23 January 2010

I Can't Time Travel

I won't know all the specifics, all the actual living details of how my father travelled, what he was feeling. I can't time travel and sit on his shoulders so there will be moments when I have to imagine how the facts played out. My husband advised me that this should not just be an almanack of data and documents. It's not just a dossier of a journey.

My dad died in September 1992 of complications from tuberculosis. At the time of writing this, I will be twice the age I was when he passed away and isn't that already an extra life for me? My memory of him is already half fact, half fantasy. He is both a dead, lost archaism as well as a chiseled in stone mythical being. He always had that quality when I was a child because he was either at work or somewhere else - visiting the homeland - or dividing his time between his migrant peers and helping people write letters to their loved ones in Bengali. And when he remarried, I did not see or hear from him for nearly three years. So, once quantified, I only really knew him for twelve or so years. I suppose, I feel cheated.

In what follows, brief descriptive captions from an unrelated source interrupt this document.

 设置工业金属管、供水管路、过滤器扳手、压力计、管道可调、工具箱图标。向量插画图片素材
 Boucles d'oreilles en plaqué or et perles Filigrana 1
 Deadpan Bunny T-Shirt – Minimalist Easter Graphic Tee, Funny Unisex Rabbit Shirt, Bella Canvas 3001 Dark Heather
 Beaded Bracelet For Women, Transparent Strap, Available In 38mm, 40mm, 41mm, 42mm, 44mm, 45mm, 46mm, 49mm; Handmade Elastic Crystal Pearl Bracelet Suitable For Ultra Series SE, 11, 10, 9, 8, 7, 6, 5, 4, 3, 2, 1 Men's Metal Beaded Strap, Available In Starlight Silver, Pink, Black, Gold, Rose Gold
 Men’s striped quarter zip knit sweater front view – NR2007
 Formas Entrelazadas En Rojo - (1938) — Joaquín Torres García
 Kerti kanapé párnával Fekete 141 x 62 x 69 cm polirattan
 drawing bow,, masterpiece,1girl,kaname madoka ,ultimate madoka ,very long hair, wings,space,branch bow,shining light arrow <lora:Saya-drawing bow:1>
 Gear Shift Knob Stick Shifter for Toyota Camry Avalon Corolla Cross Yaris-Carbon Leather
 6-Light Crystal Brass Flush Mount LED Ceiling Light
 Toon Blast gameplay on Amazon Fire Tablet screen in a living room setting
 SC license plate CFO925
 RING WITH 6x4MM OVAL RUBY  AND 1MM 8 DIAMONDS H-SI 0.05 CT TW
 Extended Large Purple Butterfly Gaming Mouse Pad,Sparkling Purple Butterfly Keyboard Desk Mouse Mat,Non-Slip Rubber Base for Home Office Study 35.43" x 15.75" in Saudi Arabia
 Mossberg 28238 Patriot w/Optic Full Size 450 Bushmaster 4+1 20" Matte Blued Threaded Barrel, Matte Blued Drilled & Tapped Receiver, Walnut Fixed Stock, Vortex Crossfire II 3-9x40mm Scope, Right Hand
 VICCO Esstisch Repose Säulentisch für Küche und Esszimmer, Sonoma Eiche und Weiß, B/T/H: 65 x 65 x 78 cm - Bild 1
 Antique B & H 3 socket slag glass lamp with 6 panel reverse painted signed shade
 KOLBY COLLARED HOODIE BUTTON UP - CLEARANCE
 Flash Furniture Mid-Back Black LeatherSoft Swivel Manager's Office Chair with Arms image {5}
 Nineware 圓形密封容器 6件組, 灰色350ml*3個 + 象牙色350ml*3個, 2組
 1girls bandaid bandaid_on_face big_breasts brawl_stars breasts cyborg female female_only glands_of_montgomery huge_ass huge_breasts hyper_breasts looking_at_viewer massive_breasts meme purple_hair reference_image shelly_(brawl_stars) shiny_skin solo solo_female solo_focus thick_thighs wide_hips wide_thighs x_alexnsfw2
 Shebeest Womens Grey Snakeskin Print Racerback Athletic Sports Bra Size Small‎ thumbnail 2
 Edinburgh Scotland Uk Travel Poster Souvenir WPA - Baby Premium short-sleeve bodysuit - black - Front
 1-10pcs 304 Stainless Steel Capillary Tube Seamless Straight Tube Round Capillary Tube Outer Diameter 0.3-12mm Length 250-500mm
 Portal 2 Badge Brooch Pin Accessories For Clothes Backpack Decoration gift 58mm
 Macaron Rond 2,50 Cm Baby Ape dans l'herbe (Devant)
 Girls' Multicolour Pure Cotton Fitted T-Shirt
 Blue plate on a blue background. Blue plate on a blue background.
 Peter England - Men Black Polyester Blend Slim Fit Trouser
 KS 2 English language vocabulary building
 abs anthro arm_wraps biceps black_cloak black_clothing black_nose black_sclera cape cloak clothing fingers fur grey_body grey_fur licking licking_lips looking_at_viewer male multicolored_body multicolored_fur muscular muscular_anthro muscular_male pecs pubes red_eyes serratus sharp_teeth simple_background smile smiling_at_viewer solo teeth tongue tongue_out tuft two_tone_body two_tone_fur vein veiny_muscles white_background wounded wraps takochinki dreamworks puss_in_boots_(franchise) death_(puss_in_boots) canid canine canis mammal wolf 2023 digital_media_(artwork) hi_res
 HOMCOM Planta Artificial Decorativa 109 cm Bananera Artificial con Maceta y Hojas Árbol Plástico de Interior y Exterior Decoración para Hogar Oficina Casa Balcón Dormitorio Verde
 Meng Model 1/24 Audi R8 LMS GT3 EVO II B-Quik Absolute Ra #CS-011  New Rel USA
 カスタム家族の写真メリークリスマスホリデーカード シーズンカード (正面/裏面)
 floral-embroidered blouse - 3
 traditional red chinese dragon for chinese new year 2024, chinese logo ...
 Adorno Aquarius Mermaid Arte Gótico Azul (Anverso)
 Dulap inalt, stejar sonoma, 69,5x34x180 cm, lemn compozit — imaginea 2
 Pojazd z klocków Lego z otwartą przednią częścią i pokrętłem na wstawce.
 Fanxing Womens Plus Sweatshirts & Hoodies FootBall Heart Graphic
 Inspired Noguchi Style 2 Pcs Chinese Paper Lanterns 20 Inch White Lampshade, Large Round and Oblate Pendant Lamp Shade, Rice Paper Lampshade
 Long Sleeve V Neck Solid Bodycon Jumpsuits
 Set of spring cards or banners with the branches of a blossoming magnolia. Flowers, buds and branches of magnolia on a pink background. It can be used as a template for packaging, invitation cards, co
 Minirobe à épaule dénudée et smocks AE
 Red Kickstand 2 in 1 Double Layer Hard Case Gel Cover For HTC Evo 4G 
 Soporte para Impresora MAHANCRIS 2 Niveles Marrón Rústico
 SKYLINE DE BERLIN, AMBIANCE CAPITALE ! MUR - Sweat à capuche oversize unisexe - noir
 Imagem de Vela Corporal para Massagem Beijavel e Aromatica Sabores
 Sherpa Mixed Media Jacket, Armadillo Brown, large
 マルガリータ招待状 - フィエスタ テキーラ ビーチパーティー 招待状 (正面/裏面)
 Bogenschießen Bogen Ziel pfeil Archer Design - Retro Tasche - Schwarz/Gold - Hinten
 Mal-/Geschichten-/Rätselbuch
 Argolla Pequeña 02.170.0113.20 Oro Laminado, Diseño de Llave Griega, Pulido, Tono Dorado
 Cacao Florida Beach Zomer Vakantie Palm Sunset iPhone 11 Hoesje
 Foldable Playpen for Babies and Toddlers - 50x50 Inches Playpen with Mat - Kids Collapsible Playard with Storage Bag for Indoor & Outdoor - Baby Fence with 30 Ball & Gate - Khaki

This, then, is my desire to spend a bit more time in his company. To understand him and to mark him as a legend, a heroic wayfarer whose story will tell all the migrants' stories. It might charm the generations who followed, be they the descendants of those first settlers or those embarking on their own today to other places, to have a figurehead, a god-like superhero about whom they can tell their children as bedtime stories, just as they do with Zeus or Jesus.